El teórico marxista Guy Debord dijo en una ocasión: «Cuando el espectáculo está en todas partes, el espectador no se encuentra cómodo en ninguna». Sin embargo, en la vida del patético cronista de viajes, del hombre que viaja para escribir y escribe para viajar, también se produce un punto de inflexión, cuando el mundo que se ha pateado durante media vida empieza a parecerle irreconocible. Quiere marcharse, pero no sabe dónde. Quiere trascender al turista que es en realidad y convertirse de nuevo en un auténtico viajero.

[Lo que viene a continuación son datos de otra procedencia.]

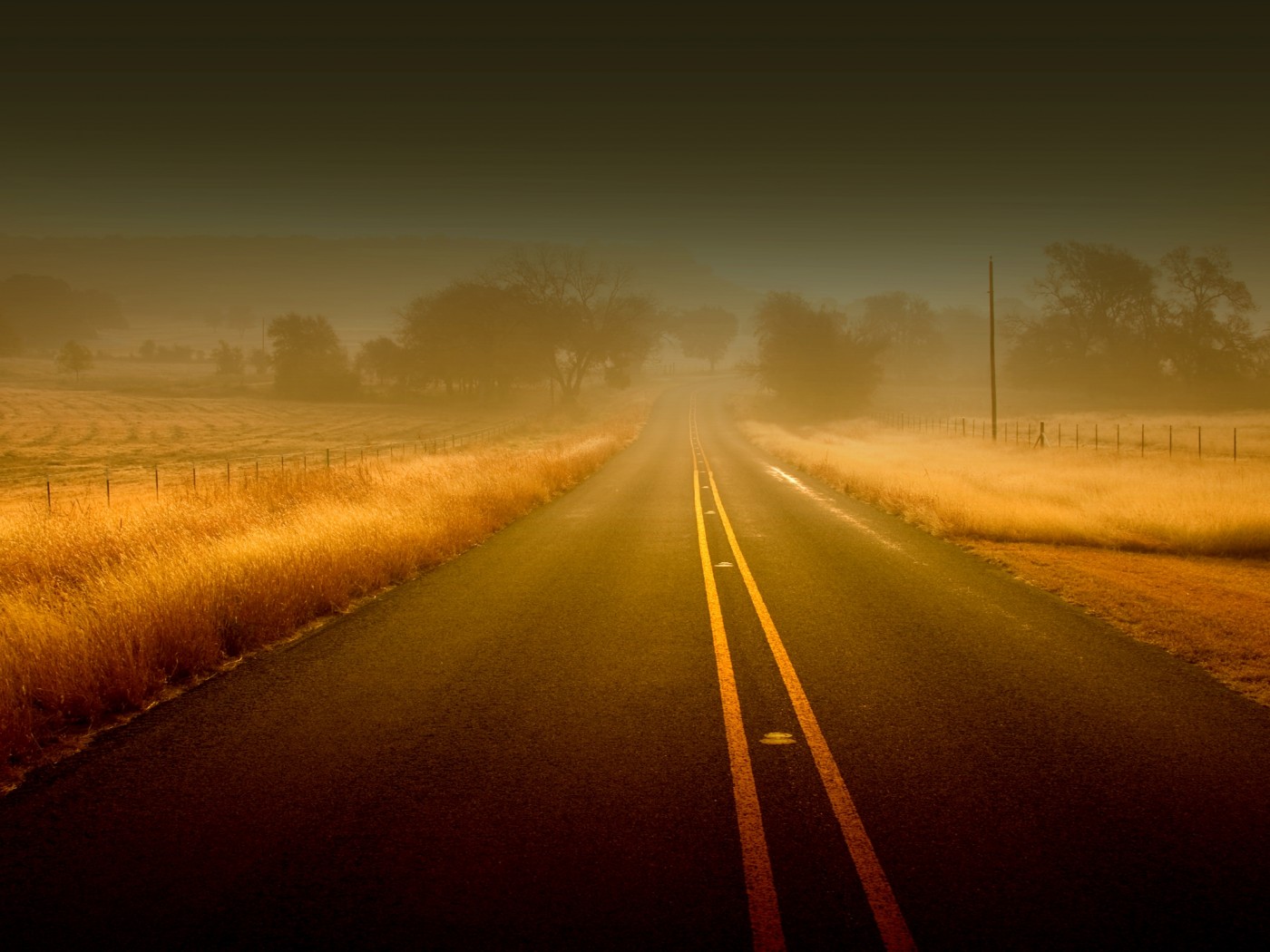 Туманная дорога обои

En cierto modo, es un estadio que alcancé bastante pronto porque no tengo casa desde hace décadas. Un nómada es el turista perfecto, aunque también el más desencantado. El cronista de viajes que llevo dentro inició su declive casi en cuanto nació, pero me proporcionó la voluntad y los medios necesarios para elaborar una especie de Grand Tour a mi medida, como despedida de una «literatura de viajes» en la que ya no tengo demasiada fe. Pero ¿cómo se redescubre el verdadero viaje?

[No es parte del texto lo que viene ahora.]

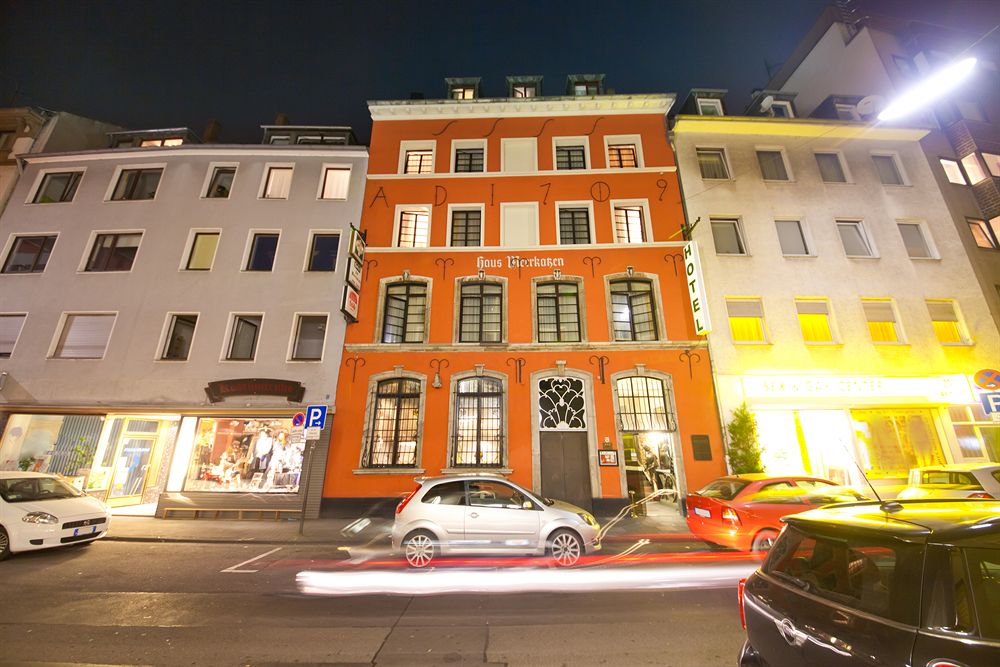 Novum Hotel Ahl Meerkatzen Koln Altstadt image 1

El término inglés travel, es decir, «viaje», es sorprendentemente antiguo. Se remonta a 1375 y deriva del verbo francés travailler, «trabajar», que a su vez deriva de la palabra latina tripalium, o triple estaca, que se utilizaba para designar un instrumento de tortura. Por consiguiente, el concepto de viaje nació como algo sumamente desagradable: emprender un desplazamiento difícil. Se trata de una noción medieval que tiene su origen en las peregrinaciones. El sufrimiento se da por sentado, porque viajar en el año 1375 era sufrir, y mucho. Pero se consideraba un sufrimiento transformador, una evasión del aburrimiento de la vida cotidiana. Posteriormente, con el Grand Tour del siglo xix que emprenderían los jóvenes caballeros británicos surgió la noción de viajar como vía de perfeccionamiento. El Grand Tour era entretenido, aunque ése no fuera su objetivo. Tampoco implicaba aventurarse a lo inexplorado. Era un peregrinaje cultural al mundo conocido.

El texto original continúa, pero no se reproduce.